**What you are asked to do:** Your answer is one number: the count of lines below that hold the word "would".

**Information provided:**

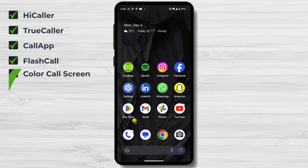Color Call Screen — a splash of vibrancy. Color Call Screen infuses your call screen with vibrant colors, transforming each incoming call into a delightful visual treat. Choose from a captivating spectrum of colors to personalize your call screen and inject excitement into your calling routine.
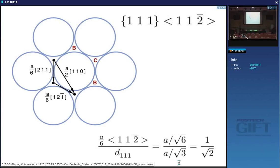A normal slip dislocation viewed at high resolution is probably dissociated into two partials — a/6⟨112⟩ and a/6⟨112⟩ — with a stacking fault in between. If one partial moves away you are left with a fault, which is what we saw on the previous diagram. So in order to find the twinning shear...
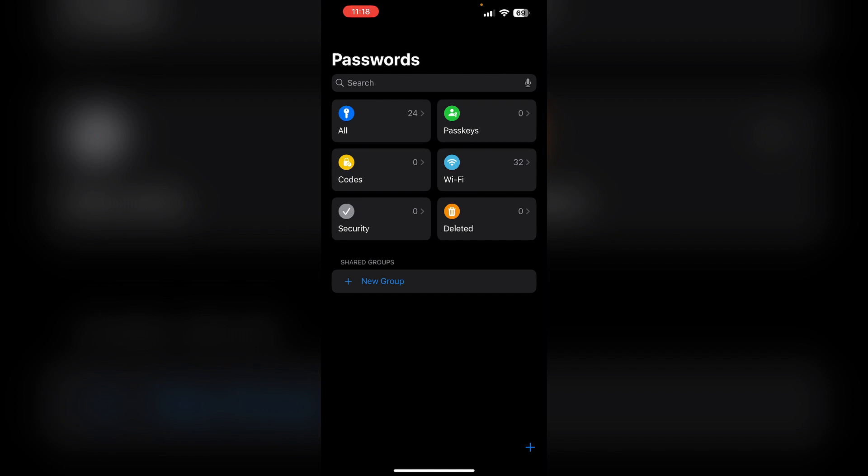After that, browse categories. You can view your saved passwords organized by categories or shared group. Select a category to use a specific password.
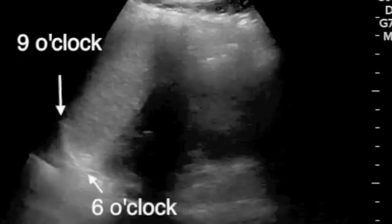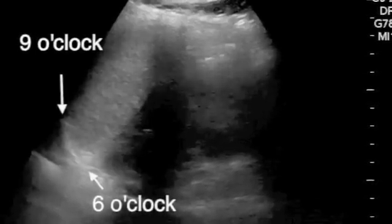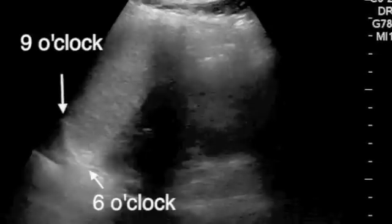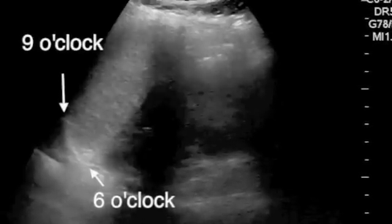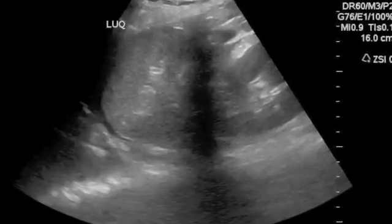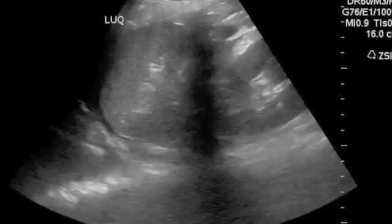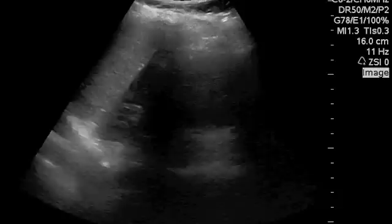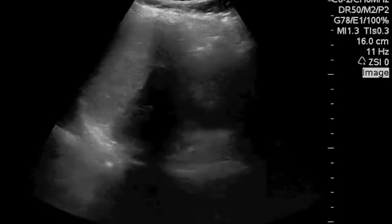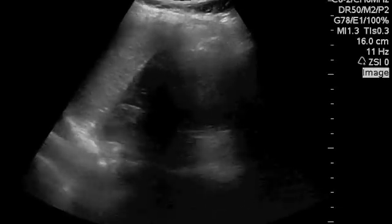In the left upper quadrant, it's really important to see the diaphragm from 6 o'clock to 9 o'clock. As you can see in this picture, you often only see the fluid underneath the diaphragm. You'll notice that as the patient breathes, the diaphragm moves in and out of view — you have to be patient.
---
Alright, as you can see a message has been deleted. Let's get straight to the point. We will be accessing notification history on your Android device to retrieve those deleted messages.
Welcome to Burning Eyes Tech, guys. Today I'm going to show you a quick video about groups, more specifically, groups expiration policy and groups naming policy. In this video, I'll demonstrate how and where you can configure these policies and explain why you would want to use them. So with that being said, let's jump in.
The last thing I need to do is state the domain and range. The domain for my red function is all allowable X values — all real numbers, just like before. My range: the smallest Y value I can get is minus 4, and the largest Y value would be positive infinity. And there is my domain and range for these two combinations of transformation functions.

**Finished exercise:** 2